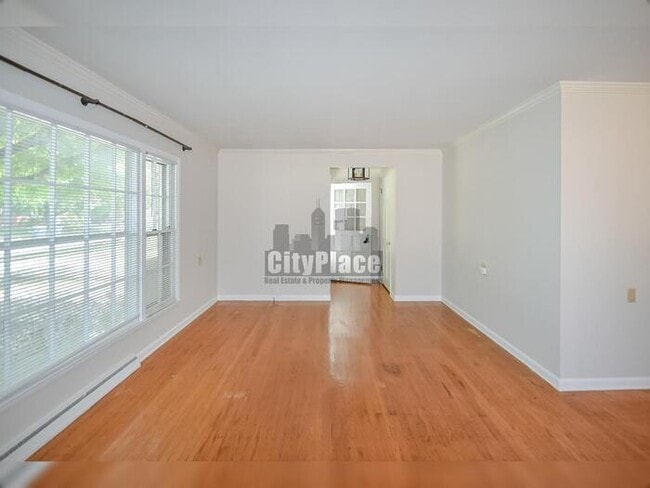 Foto del edificio - 6174 Evanston Ave
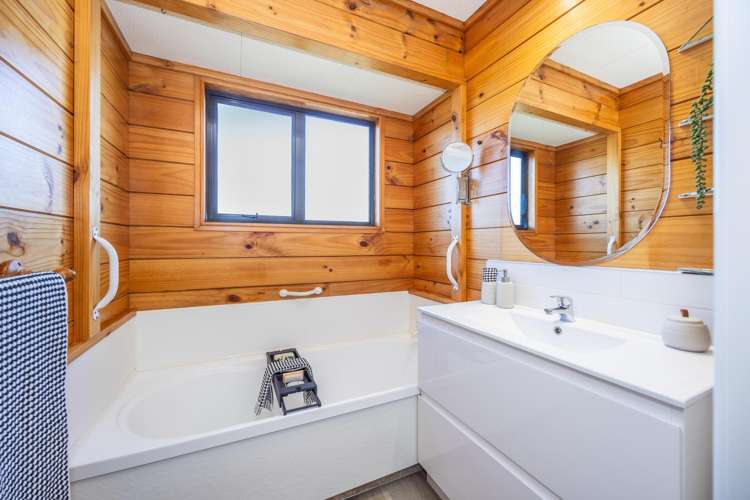 16 Bramley Drive Rototuna_17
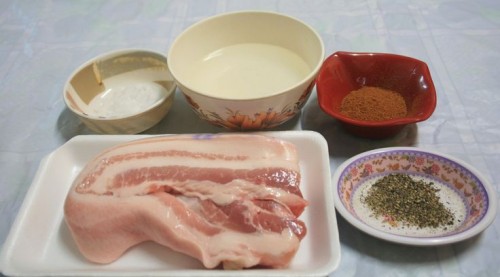 Cách làm thịt heo quay da giòn bằng lò nướng tại nhà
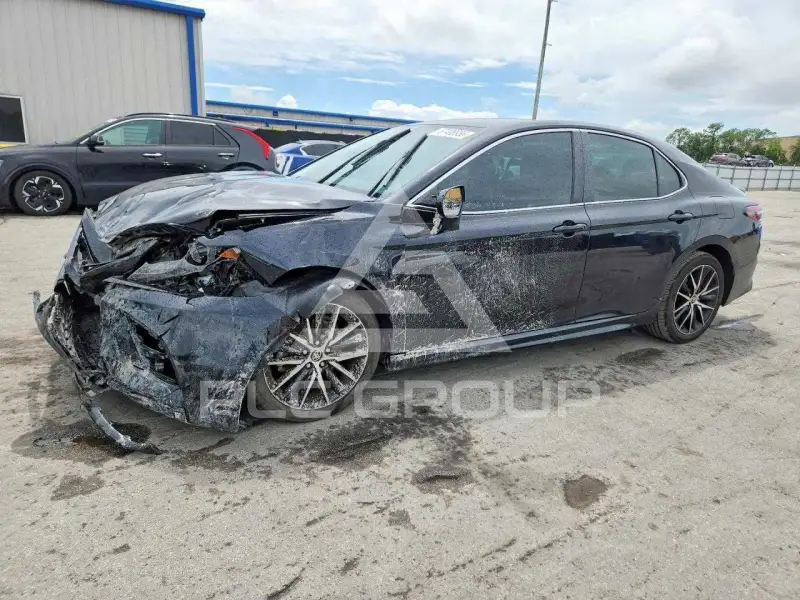 2024 Toyota CAMRY фото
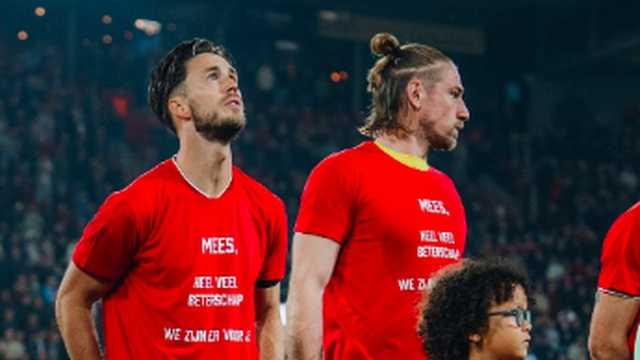 Mees Hilgers Terharu Lihat Dukungan Pemain Twente di Lapangan
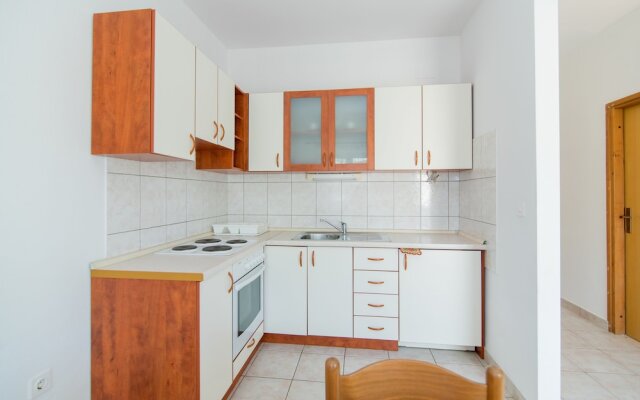 Apartments Neva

What you need to do
Would you set down the material exactly as it stands, without the pictures?

Solution to the exercise
 Foto del edificio - 6174 Evanston Ave
 16 Bramley Drive Rototuna_17
 Cách làm thịt heo quay da giòn bằng lò nướng tại nhà
 2024 Toyota CAMRY фото
 Mees Hilgers Terharu Lihat Dukungan Pemain Twente di Lapangan
 Apartments Neva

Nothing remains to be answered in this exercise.